Evimize çok yakışır

448 48 29
                                    


Üşüten cinsten olmayan bir serinlik, göz alıcı şehir ışıkları, çevredeki gece kulüplerinden gelen sesler, uyumak için acelesi olmayan insanların kahkahaları, yanından geçtikleri arabanın içinde sevişen çift, elindeki içki şişesini çöp kutusuna fırlatan genç ve bu şehre yabancı olmayan; parmakları birbirine kenetlenmiş iki adam... Yaklaşık üç saatlik yolculuğun ardından Kaliforniya'ya varmış, valizlerini daha önce Zhan'ın ailesinin yanında çalışan abiyle eve yollamış ve özledikleri Kaliforniya sokaklarında gezinmeye başlamışlardı. Zhan lisedeyken birkaç yıl ailesinin yanında kaldığı için ve Yibo mezun olduktan sonra bir yıl şehirdeki en ünlü barlardan birinde çalıştığı için buraya yabancı değillerdi. Uzaktan bakıldığında karmakarışık görünse de bu şehirdeki yoğunluk rahatlatıcıydı. Kimsenin başkasıyla ilgilenecek vakti yoktu; son biletler satılmadan o sinema salonuna gidilmeli, son bahisler kapanmadan seyirci koltuğundaki yerlerini almalıydılar. Öyle ya Zhan'ın guruldayan karnını yanındaki bedenden başka önemseyen olmadığı gibi Yibo'nun ışıldayan gülümsemesini de fark edememişlerdi. O gülümsediğinde bu şehirdeki insanların en büyük eksiğini fark etmişti Zhan, yıldızları yoktu. Vardıysa da yanından öylece geçip gitmişler, bir süre sonra ışıltısına kör olmuşlardı. Kendi yıldızı tarafından seyyar satıcının arabasına sürüklenip birer hotdog alışını izlerken istese de yüzündeki tebessümü silememişti.

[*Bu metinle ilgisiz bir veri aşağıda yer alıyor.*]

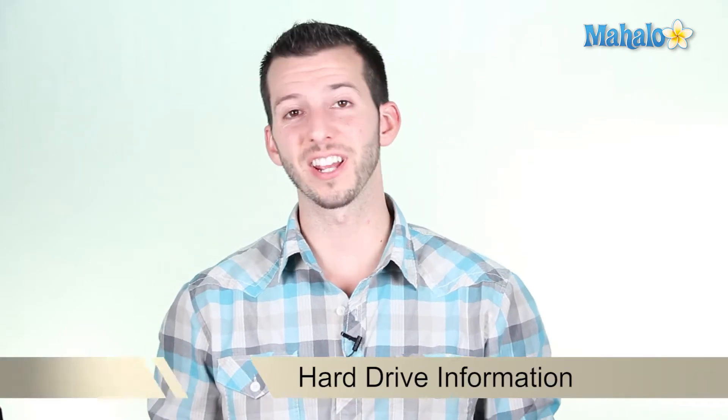What's happening internet? Sean here at Mahalo.com, and by the looks of it you'd like to learn more about the hard drive on your motherboard. So let's check it out.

Geçtikleri bütün sokaklara yağmurun temizleyeceği ayak izlerini bırakmış, birlikte adımladıkları her kaldırım taşına hafızalarında yer vermişlerdi. Güneş doğmaya başladığında çok dolu olmayan sahilde, kumlara uzanmış soluklanıyorlardı. Gece bütün ışıltısıyla parlayan Yibo; gökyüzünde en yükseklerde yer edinmek için yolculuğa çıkan güneşin ilk durağında, yanındaki bedenin güzel yüzünü aydınlatmasını izlemeye koyulmuştu. Şu an bir başka güzeldi Xiao Zhan, gecenin ayazında olduğu gibi bir başkaydı bu güzellik. Bütün samimiyetiyle parlak gülümsemesini yeni doğan güneşe sunarken yanındaki adamın dudağının altındaki kusursuz kusuru izlediğinin farkına varamamıştı. Tan vakti son bulduğunda, güneşin kısa süreli hediyesi, karamel rengine çalan gözlerini çevirmişti Yibo'ya. Uçuşan saçları, belirli bir süre bakarsanız yoğun bakışlarında kaybolacağınız küçük gözleri ve iç ısıtan gülümsemesiyle cennetin burayı güzelleştirmesi için dünyaya yolladığı bir peri gibi görünüyordu ve şimdi Xiao Zhan onun masalının içindeydi.

Yeryüzü aydınlandıktan sonra fazla oyalanmadan uykulu bedenlerini onlar gelmeden önce havalandırılmış, iki yıldır kullanılmayan eve atmışlardı. Duşunu aldıktan sonra kendini uykunun kollarına bırakan Xiao Zhan'dan sonra banyoya gitme sırası Yibo'ya gelmişti. Saçlarını kuruladıktan sonra Xiao Zhan'ın uyumadan önce tek kişilik yatakta bıraktığı boş alana kıvrılmıştı. Evdeki tek yatak değildi ama en rahatıydı, Zhan yanında olacaksa kaldırım taşı bile uyku için en ideal yerdi. Uyurken yere düşmemesi için onu daha da yakınına çekmiş kafasını göğsüne yaslayıp parmaklarını yumuşak saçlara yerleştirmişti. Belirli aralıklarla çıplak göğsüne çarpan nefesler eşliğinde gözlerini son zamanlardaki en huzurlu uykusuna kapatmıştı.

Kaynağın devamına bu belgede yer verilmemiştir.